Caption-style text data
+ + +

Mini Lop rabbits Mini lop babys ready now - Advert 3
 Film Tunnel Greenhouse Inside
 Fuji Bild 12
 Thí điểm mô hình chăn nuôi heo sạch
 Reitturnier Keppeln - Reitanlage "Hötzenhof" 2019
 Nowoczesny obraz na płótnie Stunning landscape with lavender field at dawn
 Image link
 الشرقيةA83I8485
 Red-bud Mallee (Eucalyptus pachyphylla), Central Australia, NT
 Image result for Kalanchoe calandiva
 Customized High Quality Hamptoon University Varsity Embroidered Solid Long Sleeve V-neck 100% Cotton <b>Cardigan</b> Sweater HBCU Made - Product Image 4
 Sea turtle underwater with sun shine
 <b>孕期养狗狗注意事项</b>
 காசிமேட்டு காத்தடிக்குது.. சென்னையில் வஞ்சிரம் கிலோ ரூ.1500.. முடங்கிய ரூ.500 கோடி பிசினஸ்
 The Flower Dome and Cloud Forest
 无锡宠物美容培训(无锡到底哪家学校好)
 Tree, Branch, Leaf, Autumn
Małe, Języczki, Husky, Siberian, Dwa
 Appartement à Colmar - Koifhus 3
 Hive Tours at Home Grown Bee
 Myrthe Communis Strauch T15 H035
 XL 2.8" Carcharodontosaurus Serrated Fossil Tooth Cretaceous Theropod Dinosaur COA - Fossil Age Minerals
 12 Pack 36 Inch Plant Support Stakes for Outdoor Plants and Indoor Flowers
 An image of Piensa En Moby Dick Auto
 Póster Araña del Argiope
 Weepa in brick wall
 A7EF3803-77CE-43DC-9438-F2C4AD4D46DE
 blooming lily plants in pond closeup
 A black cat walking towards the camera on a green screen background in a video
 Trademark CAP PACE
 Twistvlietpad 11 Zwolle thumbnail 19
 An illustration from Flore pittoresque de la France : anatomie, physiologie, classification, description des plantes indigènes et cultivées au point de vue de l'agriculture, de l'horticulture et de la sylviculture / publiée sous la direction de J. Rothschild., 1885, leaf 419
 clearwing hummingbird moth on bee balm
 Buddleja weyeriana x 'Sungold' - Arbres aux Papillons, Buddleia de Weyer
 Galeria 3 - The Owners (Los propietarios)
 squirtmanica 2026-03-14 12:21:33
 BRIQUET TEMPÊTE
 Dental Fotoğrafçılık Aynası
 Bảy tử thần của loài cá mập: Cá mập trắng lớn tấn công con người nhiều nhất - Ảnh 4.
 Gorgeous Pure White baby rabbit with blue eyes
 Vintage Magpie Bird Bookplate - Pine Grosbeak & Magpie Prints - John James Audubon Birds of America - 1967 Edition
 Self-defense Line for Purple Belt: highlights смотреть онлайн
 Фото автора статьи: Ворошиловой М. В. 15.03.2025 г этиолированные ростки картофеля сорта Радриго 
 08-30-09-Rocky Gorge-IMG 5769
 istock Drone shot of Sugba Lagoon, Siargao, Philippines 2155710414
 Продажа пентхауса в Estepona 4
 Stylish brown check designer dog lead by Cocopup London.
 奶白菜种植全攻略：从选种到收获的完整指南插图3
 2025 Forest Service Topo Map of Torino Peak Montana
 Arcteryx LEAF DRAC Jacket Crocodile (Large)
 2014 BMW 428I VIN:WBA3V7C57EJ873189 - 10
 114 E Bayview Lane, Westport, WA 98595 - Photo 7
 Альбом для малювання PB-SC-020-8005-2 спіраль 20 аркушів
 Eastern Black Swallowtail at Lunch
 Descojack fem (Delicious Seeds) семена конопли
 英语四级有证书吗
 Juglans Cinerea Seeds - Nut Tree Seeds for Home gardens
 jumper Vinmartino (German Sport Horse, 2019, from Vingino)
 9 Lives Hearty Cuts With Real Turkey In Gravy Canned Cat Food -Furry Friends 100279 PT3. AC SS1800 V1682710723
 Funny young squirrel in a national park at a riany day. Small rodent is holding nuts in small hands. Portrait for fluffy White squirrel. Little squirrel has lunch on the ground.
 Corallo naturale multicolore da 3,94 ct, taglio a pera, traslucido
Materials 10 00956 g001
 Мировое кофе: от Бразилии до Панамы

+ + +

WHAT THIS TASK INVOLVES » Transcribe the records above exactly, beginning at the line that contains "Juglans Cinerea Seeds" and ending with the line that contains "Funny young squirrel", both included, and nothing else.

TASK RESPONSE »
 Juglans Cinerea Seeds - Nut Tree Seeds for Home gardens
 jumper Vinmartino (German Sport Horse, 2019, from Vingino)
 9 Lives Hearty Cuts With Real Turkey In Gravy Canned Cat Food -Furry Friends 100279 PT3. AC SS1800 V1682710723
 Funny young squirrel in a national park at a riany day. Small rodent is holding nuts in small hands. Portrait for fluffy White squirrel. Little squirrel has lunch on the ground.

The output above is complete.